ベアリングバンクが倒産

 その中でも、最初のローグトレーダー(Original Rogue Trader)と呼ばれるのがニック・リーソン(Nick Leeson)です。

 彼は、未承認取引によって14億ドルもの莫大な損失を出し、イギリス最古の銀行であるベアリングバンクを倒産に追いやることになるのですが、当時彼の行っていたトレードの一つが、日経のショートストラドルでした。
 ショートストラドルについては7章で詳しく説明しますが、原資産が動かないときに利益を上げる戦略です。

 リーソンは当初日経先物を取引していたのですが、含み損を解消しようとして会社に未承認で大きなポジションを取るようになります。

 彼は、大阪証券取引所とシンガポールエクスチェンジ(SGX、当時のSimex)の日経先物の価格差を利用して裁定取引を行っていると偽って会社から資金を集めていたのですが、実は大阪でもシンガポールでも大量に日経先物をロングしており、極めて投機的なポジションをとっていました。

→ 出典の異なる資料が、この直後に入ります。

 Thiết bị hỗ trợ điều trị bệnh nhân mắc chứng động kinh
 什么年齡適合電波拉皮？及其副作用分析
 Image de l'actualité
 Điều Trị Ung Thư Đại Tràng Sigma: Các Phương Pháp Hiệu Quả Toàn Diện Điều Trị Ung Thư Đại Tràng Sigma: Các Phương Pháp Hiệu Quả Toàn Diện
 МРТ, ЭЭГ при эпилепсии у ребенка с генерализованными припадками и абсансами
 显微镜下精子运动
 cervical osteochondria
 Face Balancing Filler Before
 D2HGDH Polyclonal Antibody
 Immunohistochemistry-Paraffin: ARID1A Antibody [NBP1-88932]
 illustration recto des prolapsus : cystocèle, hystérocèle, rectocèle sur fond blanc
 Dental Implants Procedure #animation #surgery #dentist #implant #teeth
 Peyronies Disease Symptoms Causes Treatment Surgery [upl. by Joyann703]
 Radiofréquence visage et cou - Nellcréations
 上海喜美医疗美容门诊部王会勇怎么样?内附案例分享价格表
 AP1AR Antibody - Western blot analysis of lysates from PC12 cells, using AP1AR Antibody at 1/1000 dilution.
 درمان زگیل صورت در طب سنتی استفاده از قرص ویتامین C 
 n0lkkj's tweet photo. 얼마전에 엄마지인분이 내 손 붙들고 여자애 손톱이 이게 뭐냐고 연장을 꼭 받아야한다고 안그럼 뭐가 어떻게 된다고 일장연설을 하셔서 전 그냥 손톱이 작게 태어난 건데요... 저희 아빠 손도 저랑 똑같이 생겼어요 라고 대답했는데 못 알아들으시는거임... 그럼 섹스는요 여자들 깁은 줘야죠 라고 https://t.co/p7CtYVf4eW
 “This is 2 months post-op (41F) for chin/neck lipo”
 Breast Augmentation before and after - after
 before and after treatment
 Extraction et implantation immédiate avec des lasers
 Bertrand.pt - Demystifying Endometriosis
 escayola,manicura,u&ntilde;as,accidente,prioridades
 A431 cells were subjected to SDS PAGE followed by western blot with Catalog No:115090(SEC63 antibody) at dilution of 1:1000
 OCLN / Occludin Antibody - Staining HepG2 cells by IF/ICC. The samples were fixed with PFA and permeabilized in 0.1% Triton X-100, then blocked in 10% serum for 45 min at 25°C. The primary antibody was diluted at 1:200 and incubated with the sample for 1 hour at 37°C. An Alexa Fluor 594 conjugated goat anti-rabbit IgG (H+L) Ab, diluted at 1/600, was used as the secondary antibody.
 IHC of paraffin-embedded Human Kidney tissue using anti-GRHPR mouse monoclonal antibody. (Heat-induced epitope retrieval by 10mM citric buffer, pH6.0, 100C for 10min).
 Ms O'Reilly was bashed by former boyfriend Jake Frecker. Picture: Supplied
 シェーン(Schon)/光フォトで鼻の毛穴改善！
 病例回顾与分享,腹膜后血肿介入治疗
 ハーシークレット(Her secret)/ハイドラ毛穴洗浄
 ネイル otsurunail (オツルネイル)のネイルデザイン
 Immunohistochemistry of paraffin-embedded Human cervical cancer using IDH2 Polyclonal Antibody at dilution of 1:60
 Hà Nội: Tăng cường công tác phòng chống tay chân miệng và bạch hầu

 先物は、ポジションのリスクに応じた一定額の証拠金を口座に維持することで取引が可能となります。日経が下がり始め、ポジションの含み損が増えていくと、ポジションを維持するためにキャッシュが必要となります。資金繰りに逼迫していた彼は、すぐにキャッシュを得るため、オプションを大量に売ることにします。そこで彼が行ったのがアトザマネーのコールとプットを売るショートストラドルでした。

 しかし、1995年1月17日早朝、リーソンそしてベアリングバンクの破綻を決定づける出来事が起こります。
 阪神淡路大震災です。日経平均は次の1週間で約8%も下げることになります。先物のロング、ストラドルのショートは言わば最悪のポジションでした。